A Q-Q plot is a scatterplot created by plotting two sets of quantiles against one another. If both sets of quantiles came from the same distribution, we should see the points forming a line that’s roughly straight.
We can use base R or library(car) so you might need to install the package if you don’t have it already:
library(car)
qqPlot(data$rsi)[1] 45 44
#or in base R
qqnorm(data$rsi )
qqline(data$rsi )In this case it looks like our data might not be normally distributed, although most of the points are within the blue shaded area, but we might want a formal test to check.
Shapiro-Wilk normality test
The Shapiro–Wilk test is a test of normality and simply tells us if the data is significantly different from normal.
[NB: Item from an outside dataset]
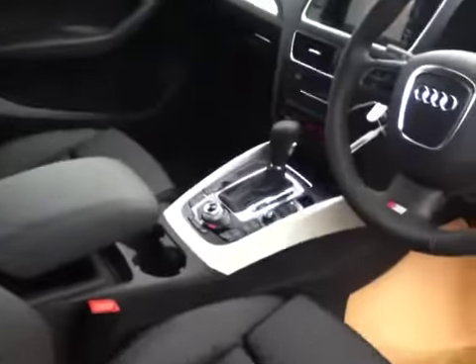It's also got the S-Tronic gearbox, satellite navigation, and also a full panoramic sunshine roof.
Here the null hypothesis is that the data will be normal and the test gives us a p-value for the likelihood that we would see the distribution we do if the null hypothesis is true. Remember p-values are crude and in reality why is p=0.51 any better than p=0.49. As such this is also not “air-tight”.
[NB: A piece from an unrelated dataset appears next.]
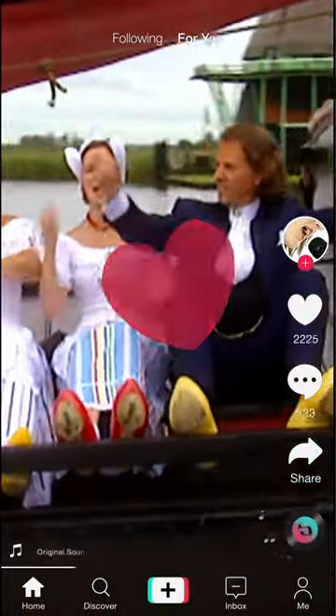My tulips brings all the boys to the yard and they're like, it's better than yours.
The code below runs the Shapiro-Wilk test for RSI and we get W = 0.939, p = 0.016)
shapiro.test(data$rsi)
Shapiro-Wilk normality test
data: data$rsi
W = 0.93992, p-value = 0.01612
Okay so we could say that our data is not normally distributed and we might want to run a non-parametric test (traditional approach).
Traditional approach
Non-parametric statistics
So if we are following the undergraduate textbook we would need to run a test to see if we can reject the null hypothesis. That test would need to be one that did not assume the data to be normally distributed: We have three conditions so usually we would use a test called and Analysis of Variance (ANOVA) but here we want to find it’s non-parametric alternative.
The Kruskal-Wallis test
The Kruskal-Wallis H test (sometimes also called the “one-way ANOVA on ranks”) is a rank-based nonparametric test that can be used to determine if there are statistically significant differences between two or more groups of an independent variable on a continuous or ordinal dependent variable. It is considered the nonparametric alternative to the one-way ANOVA, and an extension of the Mann-Whitney U test to allow the comparison of more than two independent groups. As the Kruskal-Wallis H test does not assume normality in the data and is much less sensitive to outliers, it can be used when these assumptions have been violated and the use of a one-way ANOVA is inappropriate. In addition, if your data is ordinal, a one-way ANOVA is inappropriate, but the Kruskal-Wallis H test is not.
library(ggpubr)
library(rstatix)
res.kruskal <- data %>% kruskal_test(rsi ~ condition)
res.kruskal# A tibble: 1 × 6
.y. n statistic df p method
* <chr> <int> <dbl> <int> <dbl> <chr>
1 rsi 48 2.05 2 0.359 Kruskal-Wallis
Here we get a non-significant result (p = 0.359) so we **cannot** reject the null hypothesis here.
BUT
The Kruskal-Wallis test for within-participant designs, but it’s important to note that the Kruskal-Wallis test does not directly handle repeated measures or within-participant designs. It’s a non-parametric alternative to the one-way ANOVA, which assumes independence of observations.
For within-participant designs, you might consider using Friedman’s test, which is a non-parametric alternative to repeated measures ANOVA. However, if your data meet the assumptions of parametric tests (normality, homogeneity of variances), you may still prefer to use repeated measures ANOVA.
However, we might be better to consider using a linear mixed-effects model (LMM) to analyze our within-participant design. LMMs can handle unbalanced designs and account for the correlation between repeated measurements from the same participant. Here’s how you can perform such an analysis using the lmer() function from the lme4 package
library(lme4)
m<-lmer(rsi ~ 1 + condition + (1| id), data)
# Perform ANOVA
anova(m)Analysis of Variance Table
npar Sum Sq Mean Sq F value
condition 2 0.099876 0.049938 2.2732
summary(m)Linear mixed model fit by REML ['lmerMod']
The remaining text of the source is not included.